- Task prompt -
What lines below contain the word "Shirt"? Please pull each one out.

--- Exercise input ---

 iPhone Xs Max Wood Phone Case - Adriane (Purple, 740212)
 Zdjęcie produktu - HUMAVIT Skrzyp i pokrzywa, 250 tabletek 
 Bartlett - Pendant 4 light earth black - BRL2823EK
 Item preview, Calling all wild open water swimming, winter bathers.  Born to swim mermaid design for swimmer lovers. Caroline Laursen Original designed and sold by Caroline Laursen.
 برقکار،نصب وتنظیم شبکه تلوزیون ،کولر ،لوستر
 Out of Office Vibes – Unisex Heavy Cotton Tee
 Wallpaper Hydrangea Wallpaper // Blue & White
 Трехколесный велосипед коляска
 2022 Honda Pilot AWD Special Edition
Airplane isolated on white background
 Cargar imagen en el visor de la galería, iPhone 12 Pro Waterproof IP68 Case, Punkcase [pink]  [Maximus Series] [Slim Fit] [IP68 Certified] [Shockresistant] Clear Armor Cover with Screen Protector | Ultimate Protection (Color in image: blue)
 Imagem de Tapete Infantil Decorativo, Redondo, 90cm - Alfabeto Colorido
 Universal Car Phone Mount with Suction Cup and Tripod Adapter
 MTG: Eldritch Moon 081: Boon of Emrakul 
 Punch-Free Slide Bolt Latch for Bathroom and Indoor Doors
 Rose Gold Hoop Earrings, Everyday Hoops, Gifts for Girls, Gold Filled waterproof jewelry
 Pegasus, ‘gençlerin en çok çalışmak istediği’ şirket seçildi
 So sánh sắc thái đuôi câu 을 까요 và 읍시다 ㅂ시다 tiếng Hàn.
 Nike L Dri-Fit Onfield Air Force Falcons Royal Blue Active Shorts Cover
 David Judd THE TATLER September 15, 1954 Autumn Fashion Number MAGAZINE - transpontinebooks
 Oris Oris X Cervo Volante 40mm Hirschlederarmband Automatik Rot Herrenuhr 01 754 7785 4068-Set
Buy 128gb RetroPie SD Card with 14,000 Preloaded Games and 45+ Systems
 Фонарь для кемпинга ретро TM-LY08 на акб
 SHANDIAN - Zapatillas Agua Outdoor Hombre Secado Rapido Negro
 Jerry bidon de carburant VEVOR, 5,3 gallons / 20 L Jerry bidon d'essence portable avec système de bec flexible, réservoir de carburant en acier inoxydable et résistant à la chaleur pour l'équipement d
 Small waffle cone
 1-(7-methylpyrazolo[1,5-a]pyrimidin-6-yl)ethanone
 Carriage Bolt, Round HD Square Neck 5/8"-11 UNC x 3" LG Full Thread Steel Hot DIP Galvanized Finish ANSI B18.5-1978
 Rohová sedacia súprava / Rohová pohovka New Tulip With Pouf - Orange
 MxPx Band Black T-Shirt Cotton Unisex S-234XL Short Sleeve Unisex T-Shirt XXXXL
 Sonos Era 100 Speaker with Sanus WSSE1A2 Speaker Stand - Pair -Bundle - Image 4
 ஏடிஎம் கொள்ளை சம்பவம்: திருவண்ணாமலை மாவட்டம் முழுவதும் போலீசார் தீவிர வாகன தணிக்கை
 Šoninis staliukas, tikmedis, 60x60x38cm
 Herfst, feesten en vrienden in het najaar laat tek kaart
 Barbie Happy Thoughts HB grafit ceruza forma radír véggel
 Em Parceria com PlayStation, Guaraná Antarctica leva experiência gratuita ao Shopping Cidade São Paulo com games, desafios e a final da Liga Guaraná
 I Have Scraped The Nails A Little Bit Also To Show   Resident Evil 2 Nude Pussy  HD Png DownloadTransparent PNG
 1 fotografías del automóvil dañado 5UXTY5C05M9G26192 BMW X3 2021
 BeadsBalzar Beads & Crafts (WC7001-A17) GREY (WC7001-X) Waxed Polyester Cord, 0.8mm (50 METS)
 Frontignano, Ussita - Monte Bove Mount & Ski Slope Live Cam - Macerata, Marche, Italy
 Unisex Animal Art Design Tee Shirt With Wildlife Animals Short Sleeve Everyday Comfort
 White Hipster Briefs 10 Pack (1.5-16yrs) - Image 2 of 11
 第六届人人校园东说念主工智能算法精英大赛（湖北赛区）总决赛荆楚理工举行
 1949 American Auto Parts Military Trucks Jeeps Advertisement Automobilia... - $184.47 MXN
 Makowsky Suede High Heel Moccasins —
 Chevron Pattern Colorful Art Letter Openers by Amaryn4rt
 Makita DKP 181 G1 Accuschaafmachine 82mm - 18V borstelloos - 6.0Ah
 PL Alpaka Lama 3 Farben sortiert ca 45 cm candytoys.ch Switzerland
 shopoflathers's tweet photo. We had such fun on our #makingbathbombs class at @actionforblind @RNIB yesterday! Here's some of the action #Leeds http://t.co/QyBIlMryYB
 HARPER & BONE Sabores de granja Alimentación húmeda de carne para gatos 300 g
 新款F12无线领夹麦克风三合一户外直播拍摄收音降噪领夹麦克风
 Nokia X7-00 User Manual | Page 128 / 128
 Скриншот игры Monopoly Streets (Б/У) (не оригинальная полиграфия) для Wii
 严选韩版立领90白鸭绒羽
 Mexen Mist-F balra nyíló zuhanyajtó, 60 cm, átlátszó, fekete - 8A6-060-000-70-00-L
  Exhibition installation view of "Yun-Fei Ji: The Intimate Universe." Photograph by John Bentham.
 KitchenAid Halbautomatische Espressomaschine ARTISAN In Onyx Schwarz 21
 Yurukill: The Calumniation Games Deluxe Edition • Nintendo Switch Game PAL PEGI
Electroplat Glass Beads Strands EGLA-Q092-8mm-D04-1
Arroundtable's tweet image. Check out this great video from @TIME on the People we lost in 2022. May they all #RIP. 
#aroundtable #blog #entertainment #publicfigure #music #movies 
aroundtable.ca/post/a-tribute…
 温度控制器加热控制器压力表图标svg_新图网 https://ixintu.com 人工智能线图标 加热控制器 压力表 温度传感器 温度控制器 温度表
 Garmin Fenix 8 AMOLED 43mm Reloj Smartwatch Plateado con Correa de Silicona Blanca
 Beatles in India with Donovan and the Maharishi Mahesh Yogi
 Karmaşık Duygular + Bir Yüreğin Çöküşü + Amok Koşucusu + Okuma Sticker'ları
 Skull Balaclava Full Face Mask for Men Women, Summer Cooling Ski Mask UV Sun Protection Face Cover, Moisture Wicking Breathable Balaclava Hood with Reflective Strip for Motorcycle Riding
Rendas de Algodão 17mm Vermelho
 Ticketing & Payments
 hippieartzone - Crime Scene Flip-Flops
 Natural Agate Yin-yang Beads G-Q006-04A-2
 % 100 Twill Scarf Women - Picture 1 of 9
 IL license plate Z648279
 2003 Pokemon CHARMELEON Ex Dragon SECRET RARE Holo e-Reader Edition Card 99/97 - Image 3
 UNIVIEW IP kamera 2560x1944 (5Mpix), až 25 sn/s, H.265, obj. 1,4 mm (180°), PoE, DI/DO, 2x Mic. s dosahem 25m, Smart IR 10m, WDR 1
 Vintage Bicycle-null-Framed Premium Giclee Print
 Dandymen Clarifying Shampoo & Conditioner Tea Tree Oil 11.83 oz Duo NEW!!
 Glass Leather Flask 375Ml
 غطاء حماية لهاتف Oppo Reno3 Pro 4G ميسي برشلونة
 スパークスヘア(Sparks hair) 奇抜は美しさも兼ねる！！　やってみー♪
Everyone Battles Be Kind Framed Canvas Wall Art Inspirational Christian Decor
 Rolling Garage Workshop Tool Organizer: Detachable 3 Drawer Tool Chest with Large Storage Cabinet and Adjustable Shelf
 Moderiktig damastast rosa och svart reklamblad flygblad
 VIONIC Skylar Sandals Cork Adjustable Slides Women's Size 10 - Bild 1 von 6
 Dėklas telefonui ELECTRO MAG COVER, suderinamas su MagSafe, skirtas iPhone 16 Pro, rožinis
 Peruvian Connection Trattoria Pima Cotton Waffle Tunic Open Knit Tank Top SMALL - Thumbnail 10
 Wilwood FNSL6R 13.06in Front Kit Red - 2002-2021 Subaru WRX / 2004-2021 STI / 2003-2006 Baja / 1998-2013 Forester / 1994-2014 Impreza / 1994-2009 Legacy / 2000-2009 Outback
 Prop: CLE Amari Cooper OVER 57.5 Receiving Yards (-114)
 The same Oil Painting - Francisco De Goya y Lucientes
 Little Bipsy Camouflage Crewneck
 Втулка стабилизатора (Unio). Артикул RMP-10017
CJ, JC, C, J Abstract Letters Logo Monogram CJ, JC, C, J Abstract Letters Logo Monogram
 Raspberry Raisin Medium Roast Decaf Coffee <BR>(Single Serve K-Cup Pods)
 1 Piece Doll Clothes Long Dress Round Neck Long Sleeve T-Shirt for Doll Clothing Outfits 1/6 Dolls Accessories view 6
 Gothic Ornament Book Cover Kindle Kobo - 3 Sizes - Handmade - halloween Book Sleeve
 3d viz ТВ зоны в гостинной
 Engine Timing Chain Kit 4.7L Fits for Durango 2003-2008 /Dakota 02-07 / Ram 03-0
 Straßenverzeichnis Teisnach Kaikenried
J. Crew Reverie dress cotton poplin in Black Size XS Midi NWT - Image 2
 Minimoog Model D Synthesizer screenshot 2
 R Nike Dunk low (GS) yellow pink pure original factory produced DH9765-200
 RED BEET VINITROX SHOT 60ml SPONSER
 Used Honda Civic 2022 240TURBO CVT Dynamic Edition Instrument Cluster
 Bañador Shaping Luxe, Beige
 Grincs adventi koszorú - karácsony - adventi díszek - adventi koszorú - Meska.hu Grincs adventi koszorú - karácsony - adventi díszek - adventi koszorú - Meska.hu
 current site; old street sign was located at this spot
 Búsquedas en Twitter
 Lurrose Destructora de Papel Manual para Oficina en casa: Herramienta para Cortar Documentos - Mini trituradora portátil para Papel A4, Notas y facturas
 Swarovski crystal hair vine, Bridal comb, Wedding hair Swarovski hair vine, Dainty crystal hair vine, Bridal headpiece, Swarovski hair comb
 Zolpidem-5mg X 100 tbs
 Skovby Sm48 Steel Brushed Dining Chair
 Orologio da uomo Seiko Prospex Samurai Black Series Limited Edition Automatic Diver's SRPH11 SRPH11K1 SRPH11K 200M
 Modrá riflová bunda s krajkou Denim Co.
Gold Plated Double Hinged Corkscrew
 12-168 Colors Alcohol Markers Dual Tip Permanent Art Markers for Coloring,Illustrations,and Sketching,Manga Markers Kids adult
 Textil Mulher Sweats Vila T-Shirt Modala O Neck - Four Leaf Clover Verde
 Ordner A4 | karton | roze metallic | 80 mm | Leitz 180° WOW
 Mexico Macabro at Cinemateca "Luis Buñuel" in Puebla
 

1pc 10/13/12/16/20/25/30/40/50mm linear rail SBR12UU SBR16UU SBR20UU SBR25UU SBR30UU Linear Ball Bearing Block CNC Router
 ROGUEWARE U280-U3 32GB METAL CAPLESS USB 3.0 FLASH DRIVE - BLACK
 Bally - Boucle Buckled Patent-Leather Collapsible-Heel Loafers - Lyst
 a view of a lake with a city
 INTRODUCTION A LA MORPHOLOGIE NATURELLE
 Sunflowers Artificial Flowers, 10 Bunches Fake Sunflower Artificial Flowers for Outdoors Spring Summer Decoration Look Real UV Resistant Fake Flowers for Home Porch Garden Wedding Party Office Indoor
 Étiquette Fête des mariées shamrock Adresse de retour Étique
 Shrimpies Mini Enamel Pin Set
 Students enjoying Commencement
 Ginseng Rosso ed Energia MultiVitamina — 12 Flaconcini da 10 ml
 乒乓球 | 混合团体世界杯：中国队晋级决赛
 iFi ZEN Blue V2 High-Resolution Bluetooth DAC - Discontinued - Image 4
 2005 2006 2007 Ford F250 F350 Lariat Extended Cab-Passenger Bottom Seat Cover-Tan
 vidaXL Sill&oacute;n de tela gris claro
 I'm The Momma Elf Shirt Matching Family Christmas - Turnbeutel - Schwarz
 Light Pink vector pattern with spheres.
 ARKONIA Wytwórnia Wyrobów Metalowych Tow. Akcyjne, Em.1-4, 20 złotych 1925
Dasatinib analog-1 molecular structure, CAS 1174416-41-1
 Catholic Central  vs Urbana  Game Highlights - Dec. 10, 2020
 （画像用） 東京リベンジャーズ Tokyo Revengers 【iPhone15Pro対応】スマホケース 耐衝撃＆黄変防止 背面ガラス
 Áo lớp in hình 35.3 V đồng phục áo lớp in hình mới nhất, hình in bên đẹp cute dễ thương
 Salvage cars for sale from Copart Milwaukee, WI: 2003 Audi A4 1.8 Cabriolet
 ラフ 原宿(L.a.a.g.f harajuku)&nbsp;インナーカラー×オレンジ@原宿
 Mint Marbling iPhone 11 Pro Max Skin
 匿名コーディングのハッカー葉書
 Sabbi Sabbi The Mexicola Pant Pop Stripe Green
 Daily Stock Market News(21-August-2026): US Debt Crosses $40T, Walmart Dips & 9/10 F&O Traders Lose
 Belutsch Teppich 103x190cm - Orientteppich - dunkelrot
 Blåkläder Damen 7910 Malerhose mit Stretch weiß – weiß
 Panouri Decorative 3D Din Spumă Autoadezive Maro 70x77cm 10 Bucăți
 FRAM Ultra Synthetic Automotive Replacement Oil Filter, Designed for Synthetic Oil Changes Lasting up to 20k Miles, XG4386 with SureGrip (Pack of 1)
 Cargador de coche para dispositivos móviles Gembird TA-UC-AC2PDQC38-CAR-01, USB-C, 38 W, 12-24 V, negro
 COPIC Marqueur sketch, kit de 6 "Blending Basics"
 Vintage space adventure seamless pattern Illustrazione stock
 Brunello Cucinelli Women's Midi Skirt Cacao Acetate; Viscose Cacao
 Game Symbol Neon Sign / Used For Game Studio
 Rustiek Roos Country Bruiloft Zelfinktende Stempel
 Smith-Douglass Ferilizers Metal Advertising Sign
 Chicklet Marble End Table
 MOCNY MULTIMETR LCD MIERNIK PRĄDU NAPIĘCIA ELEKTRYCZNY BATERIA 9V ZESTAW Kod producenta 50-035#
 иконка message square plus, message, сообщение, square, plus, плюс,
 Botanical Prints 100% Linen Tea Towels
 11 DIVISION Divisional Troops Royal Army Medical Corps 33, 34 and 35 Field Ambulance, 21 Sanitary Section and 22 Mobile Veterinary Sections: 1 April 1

---

- Result of this task -
 MxPx Band Black T-Shirt Cotton Unisex S-234XL Short Sleeve Unisex T-Shirt XXXXL
 Unisex Animal Art Design Tee Shirt With Wildlife Animals Short Sleeve Everyday Comfort
 1 Piece Doll Clothes Long Dress Round Neck Long Sleeve T-Shirt for Doll Clothing Outfits 1/6 Dolls Accessories view 6
 Textil Mulher Sweats Vila T-Shirt Modala O Neck - Four Leaf Clover Verde
 I'm The Momma Elf Shirt Matching Family Christmas - Turnbeutel - Schwarz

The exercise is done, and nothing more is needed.